A birch bark manuscript is a document written on the outer layer of birch bark, which was commonly used for writing before the mass production of paper. Evidence of birch bark for writing goes back many centuries and appears in various cultures, predominantly in and around the Indian subcontinent and East European Plain. The oldest such manuscripts are the numerous Gandhāran Buddhist texts from approximately the 1st century CE, from what is now Afghanistan. They contain among the earliest known versions of significant Buddhist scriptures, including a Dhammapada, discourses of Buddha that include the Rhinoceros Sutra, Avadanas and Abhidharma texts.

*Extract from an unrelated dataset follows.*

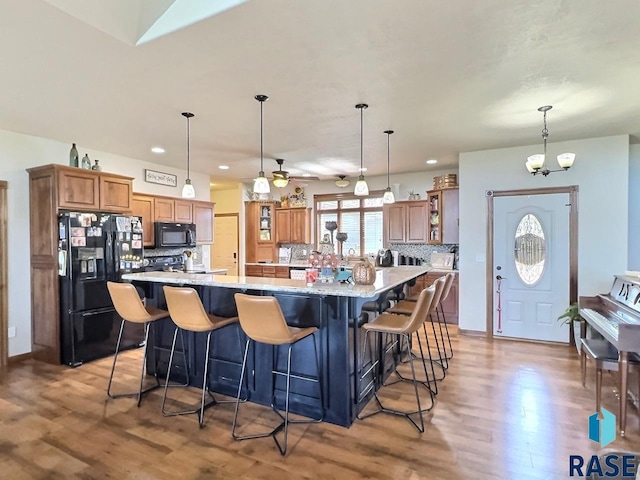 kitchen featuring hanging light fixtures, a spacious island, a breakfast bar area, decorative backsplash, and black appliances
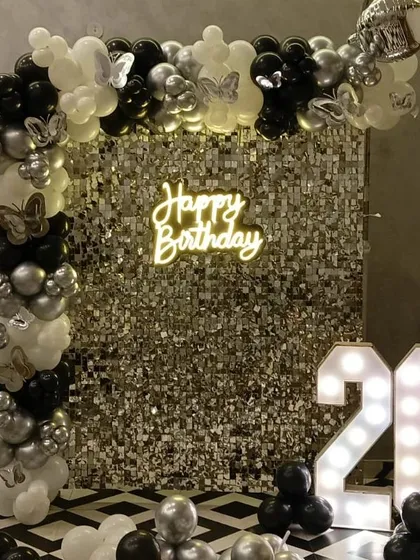 A chic and modern party backdrop featuring a silver shimmer wall and a black, white, and silver balloon arrangement. While this setup displays a "Happy Birthday" sign and the number 26, I can customize it for any anniversary with the right text and numbers.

Sanskrit birch bark manuscripts written with Brahmi script have been dated to the first few centuries CE. Several early Sanskrit writers, such as Kālidāsa (c. 4th century CE), Sushruta (c. 3rd century CE), and Varāhamihira (6th century CE) mention its use for manuscripts. The bark of Betula utilis (Himalayan Birch) is still used today in India and Nepal for writing sacred mantras. Russian texts discovered in Veliky Novgorod have been dated to approximately the 11th to 15th centuries CE. Most of those documents are letters written by various people in a local dialect, Old Novgorodian. The Irish language's native writing system, Ogham, sometimes called the "tree alphabet", was traditionally attributed to the god Ogma who wrote a proscription on birch to Lugh, warning him; the text of this proscription can be found in the Book of Ballymote. The first letter of Ogham is beith; beithe means "birch".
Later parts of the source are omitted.